MEASURE WHAT MATTERS
CAC over CPL: Get the full picture of your marketing spending!
Contractors often face a unique set of challenges when it comes to marketing their businesses. With limited time and resources, it can be frustrating to invest in marketing efforts that don’t produce the desired results. From generating leads to converting them into paying customers, the entire customer
acquisition process can feel overwhelming and leave contractors feeling like they’re spinning their wheels.
Marketing companies may focus on cost per lead (CPL) as a metric because it is a straightforward way to measure the cost of generating potential customer contact information.
What is CPL?
- Cost Per Lead is calculated by dividing the total cost of a marketing campaign by the number of leads generated.
- Cost per lead (CPL) only measures the cost of generating a potential customer’s contact information.
- CPL doesn’t take into account whether those leads convert into actual paying customers or not.
What is CAC?
- Customer acquisition cost (CAC) is a more comprehensive metric compared to cost per lead (CPL) when it comes to evaluating the effectiveness of your business’s marketing and sales efforts.

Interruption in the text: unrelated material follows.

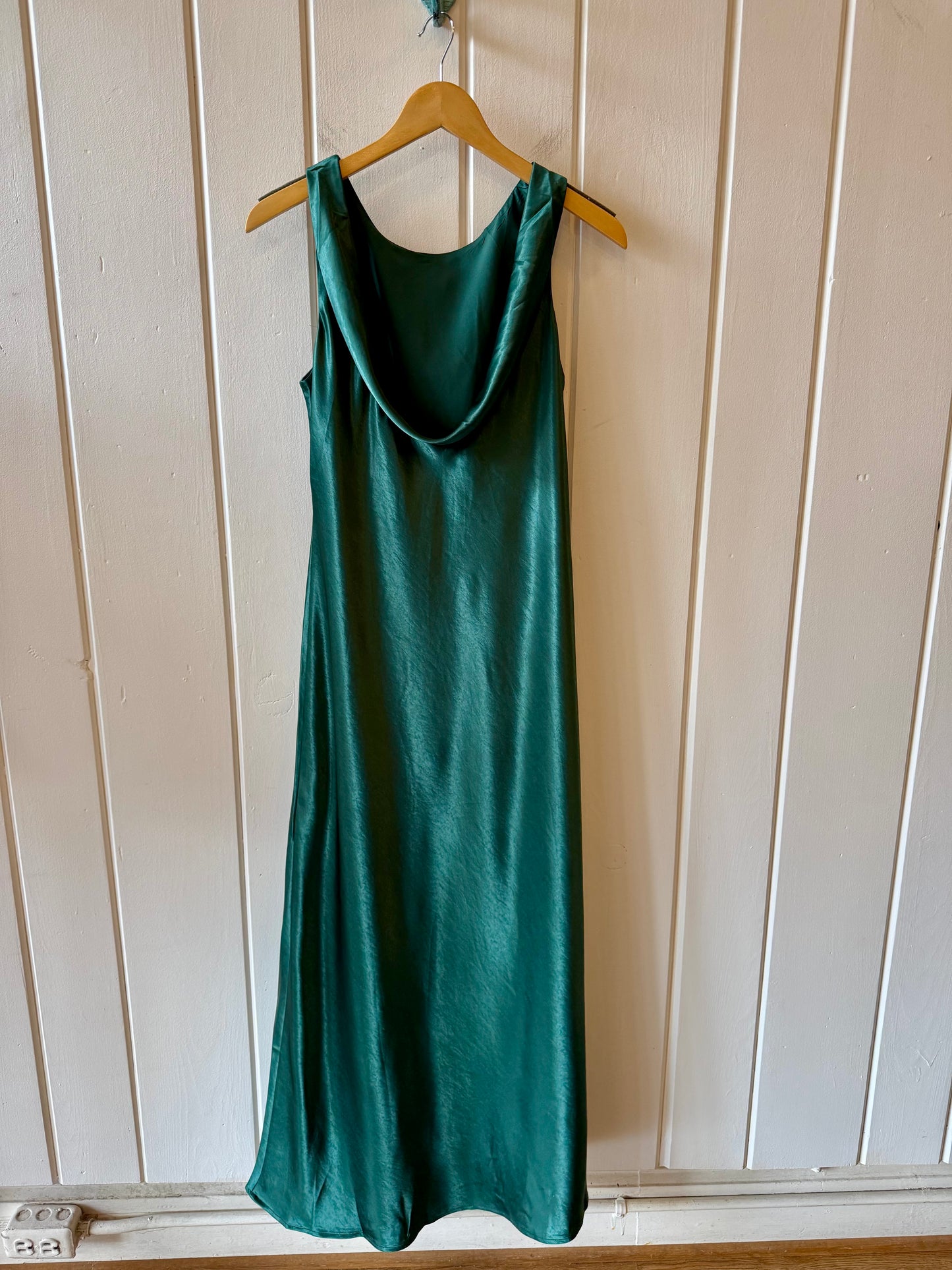 Veda Satin Maxi Dress/Emerald Green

In contrast, CAC takes into account the total cost incurred to acquire a new customer, including all marketing and sales expenses, which provides a more accurate picture of the effectiveness of a business’s marketing and sales efforts.

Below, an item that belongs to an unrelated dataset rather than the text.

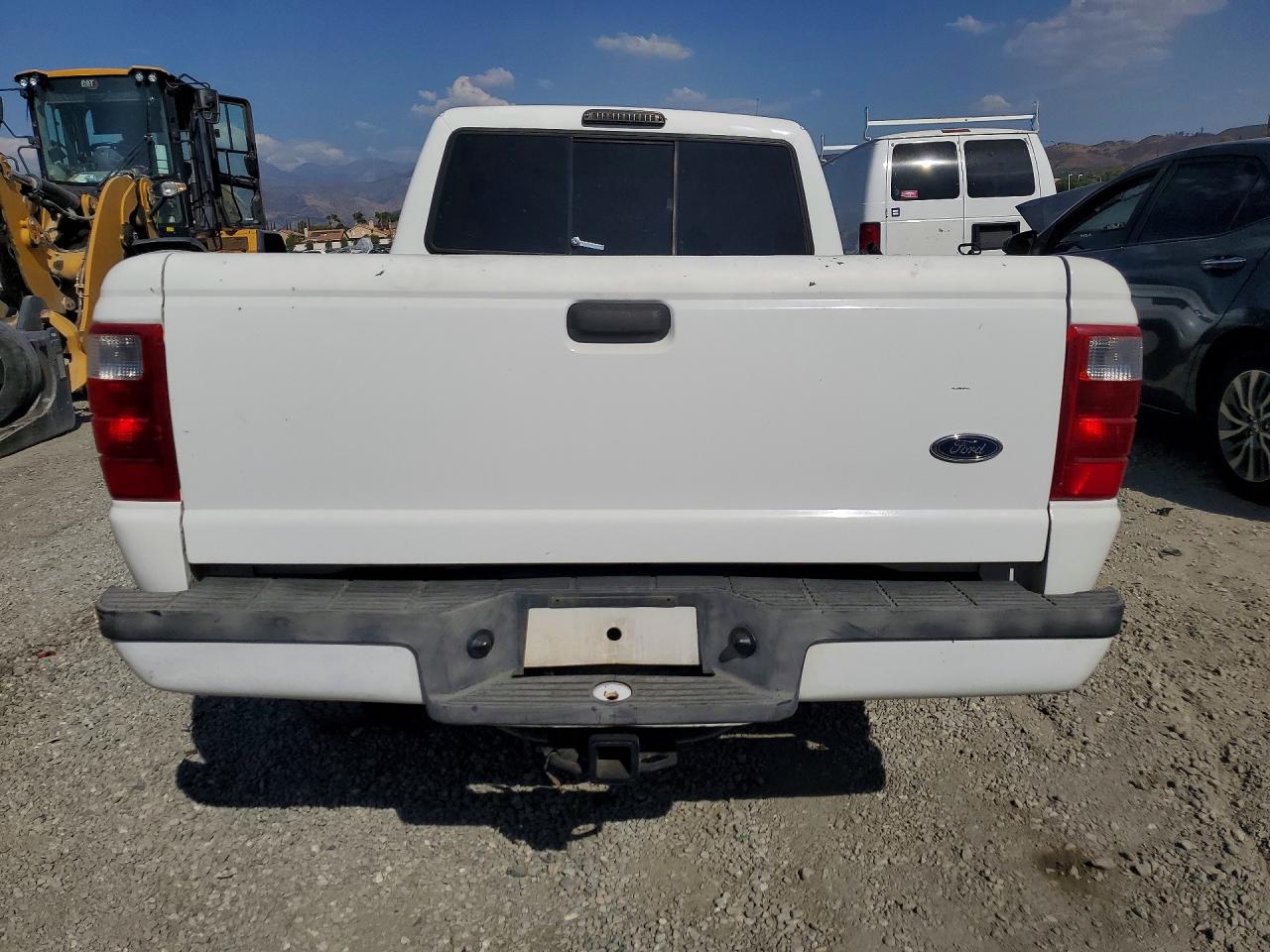2002 Ford Ranger Super Cab White vin: 1FTYR14U12PA23678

By calculating the CAC, a business can determine whether the cost of acquiring a customer is worth it compared to the revenue generated from that customer.
At the end of the day we want Customers! Not a huge volume of leads that don’t turn into Customers!
This metric takes into account the entire customer acquisition process, including lead generation, lead nurturing, and conversion.
For instance, your business may spend a small amount of money on generating leads through online advertising or social media marketing, which may result in a low CPL. However, if those leads don’t convert into paying customers, the business’s overall profitability may suffer. In contrast, by focusing on optimizing the entire customer acquisition process, including lead nurturing and conversion, a business can lower its CAC and improve its overall profitability.
In summary, while cost per lead can be useful in measuring lead generation efforts, however customer acquisition cost (CAC) provides a more accurate picture of the effectiveness of a business’s overall marketing and sales efforts.
By focusing on lowering the CAC and optimizing the entire customer acquisition process, a business can improve its profitability and long-term success.